§ Dataset excerpt
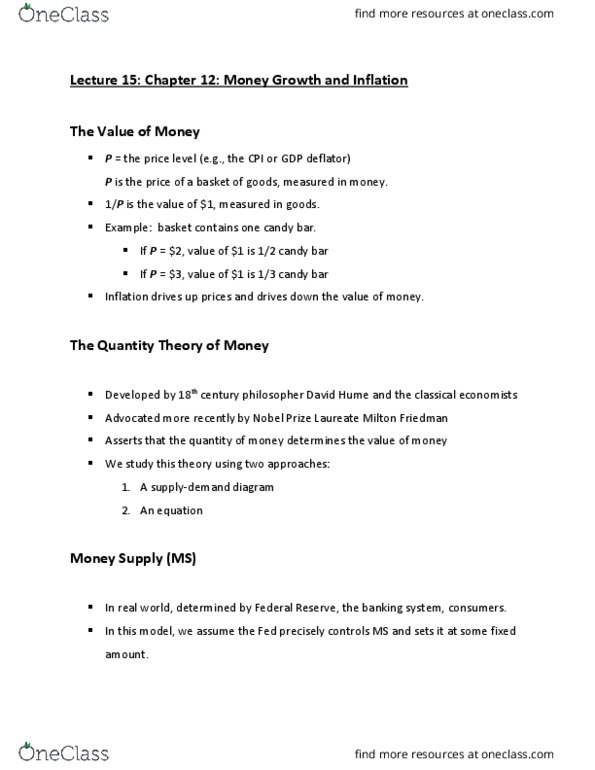 ECON 102 Chapter Notes - Chapter 12: Gdp Deflator, Money Supply, Longrun thumbnail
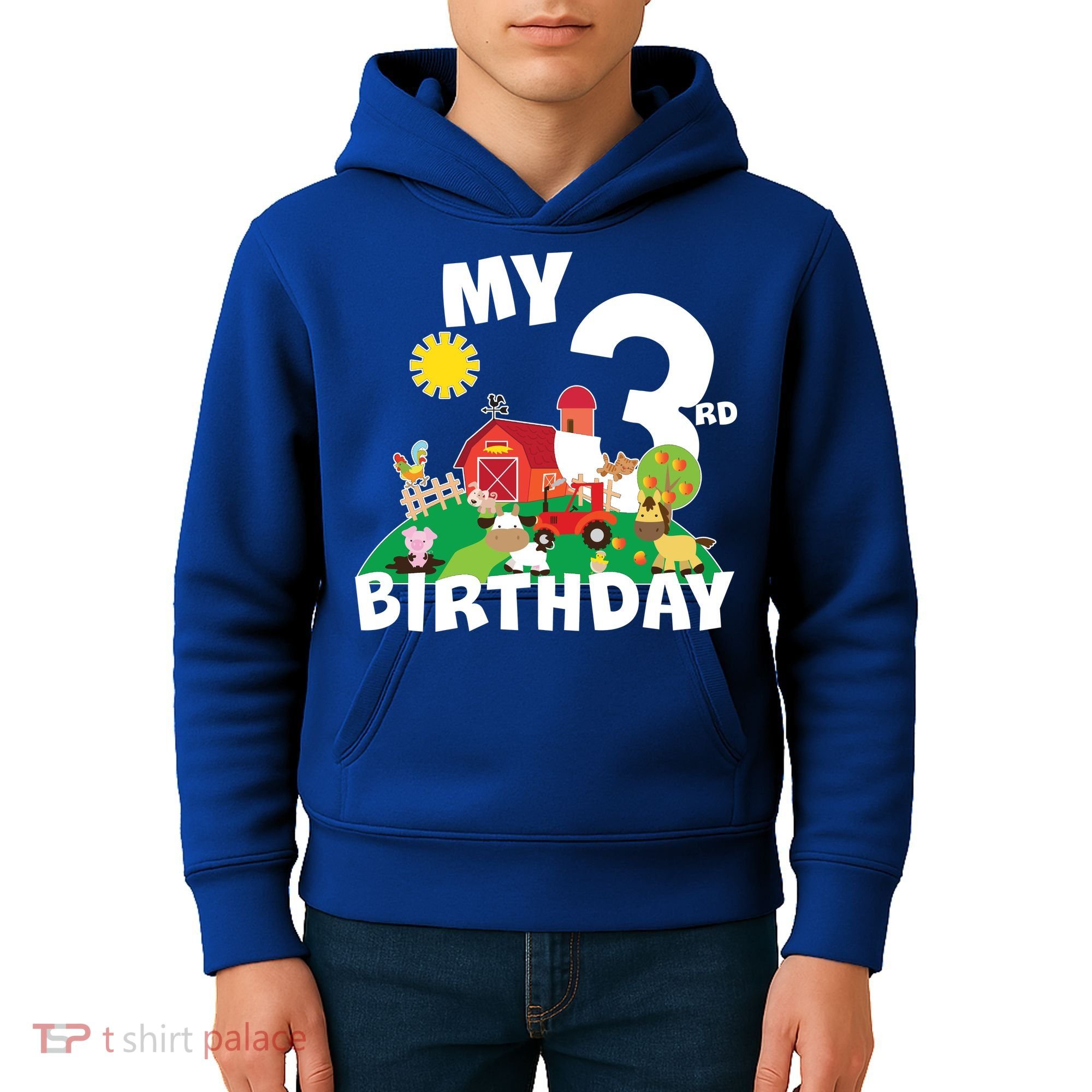 3 Year Old Farm My 3rd Birthday Kids Hoodie
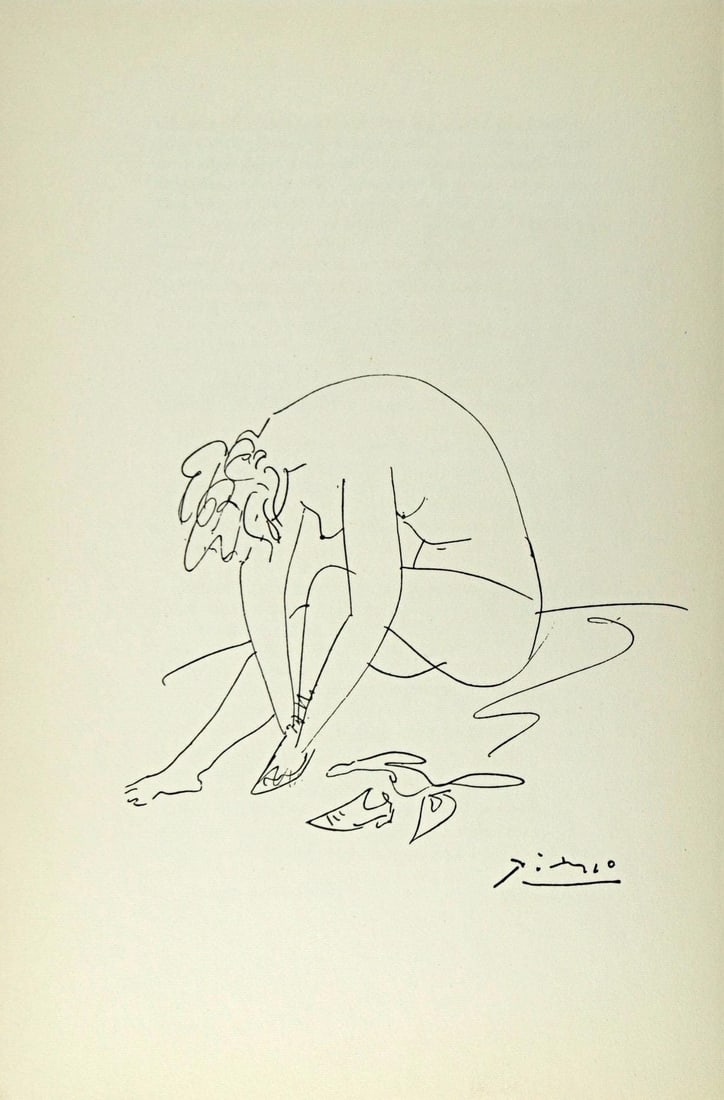 Pablo Picasso, Composition, Sous le Manteau de Feu, Limited Edition Lithograph: Lithograph on velin paper. Paper size: 9.84 x 6.69 inches. Excellent condition. Inscription: signed in the plate and unnumbered, as issued. Notes: from the album, Les Cavaliers d'Ombre; Sous le Mantea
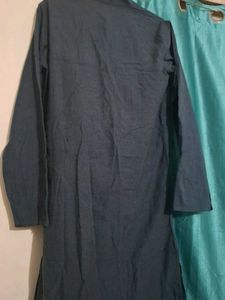 Blue Button-Up with Polka Dot Accent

§ What to work on
With pictures left out, print the lines of the material above from the line containing "3 Year Old Farm My 3rd Birthday Kids Hoodie" through its last line, exactly and nothing more.

§ Answer space
 3 Year Old Farm My 3rd Birthday Kids Hoodie
 Pablo Picasso, Composition, Sous le Manteau de Feu, Limited Edition Lithograph: Lithograph on velin paper. Paper size: 9.84 x 6.69 inches. Excellent condition. Inscription: signed in the plate and unnumbered, as issued. Notes: from the album, Les Cavaliers d'Ombre; Sous le Mantea
 Blue Button-Up with Polka Dot Accent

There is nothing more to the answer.